Entries shown:
-------------------------

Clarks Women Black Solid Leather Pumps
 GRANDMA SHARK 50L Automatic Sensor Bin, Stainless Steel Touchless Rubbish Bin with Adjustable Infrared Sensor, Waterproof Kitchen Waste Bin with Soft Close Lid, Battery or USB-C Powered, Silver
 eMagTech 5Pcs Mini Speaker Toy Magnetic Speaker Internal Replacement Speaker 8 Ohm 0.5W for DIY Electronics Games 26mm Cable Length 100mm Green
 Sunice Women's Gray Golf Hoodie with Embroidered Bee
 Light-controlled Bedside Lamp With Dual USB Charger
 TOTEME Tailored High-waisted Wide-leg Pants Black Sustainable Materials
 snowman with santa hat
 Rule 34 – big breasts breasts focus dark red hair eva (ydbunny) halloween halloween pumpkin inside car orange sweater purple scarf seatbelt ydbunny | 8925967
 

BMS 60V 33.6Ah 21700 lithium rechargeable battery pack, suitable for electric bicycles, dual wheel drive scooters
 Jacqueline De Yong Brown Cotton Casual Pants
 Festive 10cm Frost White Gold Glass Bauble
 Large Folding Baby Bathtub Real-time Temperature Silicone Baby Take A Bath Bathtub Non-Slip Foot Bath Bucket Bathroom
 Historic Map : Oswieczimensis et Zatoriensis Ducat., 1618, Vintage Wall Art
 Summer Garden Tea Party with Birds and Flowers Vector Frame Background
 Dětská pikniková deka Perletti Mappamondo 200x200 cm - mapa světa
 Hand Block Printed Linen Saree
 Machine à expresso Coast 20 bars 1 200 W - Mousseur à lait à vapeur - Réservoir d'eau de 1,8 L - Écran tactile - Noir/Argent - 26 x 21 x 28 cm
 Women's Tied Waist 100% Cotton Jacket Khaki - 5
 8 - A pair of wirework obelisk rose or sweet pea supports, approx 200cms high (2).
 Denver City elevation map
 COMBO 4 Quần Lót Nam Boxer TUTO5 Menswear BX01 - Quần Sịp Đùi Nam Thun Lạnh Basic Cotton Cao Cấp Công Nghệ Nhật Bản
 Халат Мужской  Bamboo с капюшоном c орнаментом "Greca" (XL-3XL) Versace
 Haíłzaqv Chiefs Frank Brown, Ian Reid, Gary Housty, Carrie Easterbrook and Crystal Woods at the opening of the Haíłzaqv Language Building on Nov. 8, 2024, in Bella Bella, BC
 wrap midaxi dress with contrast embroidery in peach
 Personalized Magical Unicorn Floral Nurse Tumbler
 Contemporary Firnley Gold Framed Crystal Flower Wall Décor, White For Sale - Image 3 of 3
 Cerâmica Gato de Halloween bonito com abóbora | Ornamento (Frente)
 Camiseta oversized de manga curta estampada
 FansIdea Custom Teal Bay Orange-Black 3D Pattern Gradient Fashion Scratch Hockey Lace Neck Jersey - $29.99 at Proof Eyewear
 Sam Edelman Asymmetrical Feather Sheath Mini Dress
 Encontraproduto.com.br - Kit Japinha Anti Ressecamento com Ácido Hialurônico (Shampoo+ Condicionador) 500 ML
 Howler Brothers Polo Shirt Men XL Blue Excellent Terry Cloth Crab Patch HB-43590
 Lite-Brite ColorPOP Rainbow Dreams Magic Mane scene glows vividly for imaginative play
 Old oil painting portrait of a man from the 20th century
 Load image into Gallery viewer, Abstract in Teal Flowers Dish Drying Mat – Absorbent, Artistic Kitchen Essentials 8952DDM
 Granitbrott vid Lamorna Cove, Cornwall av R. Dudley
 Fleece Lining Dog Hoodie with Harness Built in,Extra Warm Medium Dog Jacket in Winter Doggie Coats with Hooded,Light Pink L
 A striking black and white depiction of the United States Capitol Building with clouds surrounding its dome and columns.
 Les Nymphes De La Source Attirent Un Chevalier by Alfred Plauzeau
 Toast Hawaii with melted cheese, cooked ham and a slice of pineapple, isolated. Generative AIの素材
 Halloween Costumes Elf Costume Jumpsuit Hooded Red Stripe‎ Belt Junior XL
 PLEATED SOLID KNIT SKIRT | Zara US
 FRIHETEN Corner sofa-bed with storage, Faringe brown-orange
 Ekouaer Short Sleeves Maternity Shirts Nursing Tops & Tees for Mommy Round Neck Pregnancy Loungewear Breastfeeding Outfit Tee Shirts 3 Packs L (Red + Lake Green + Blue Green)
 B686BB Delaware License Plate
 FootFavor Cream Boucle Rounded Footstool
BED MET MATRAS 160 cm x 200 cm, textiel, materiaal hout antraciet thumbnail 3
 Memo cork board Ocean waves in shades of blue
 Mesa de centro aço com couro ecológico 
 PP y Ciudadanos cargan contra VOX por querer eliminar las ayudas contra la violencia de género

-------------------------

Task brief: In the records above, how many lines contain the string "Neck"? Only that number should be written.

Exercise output: 2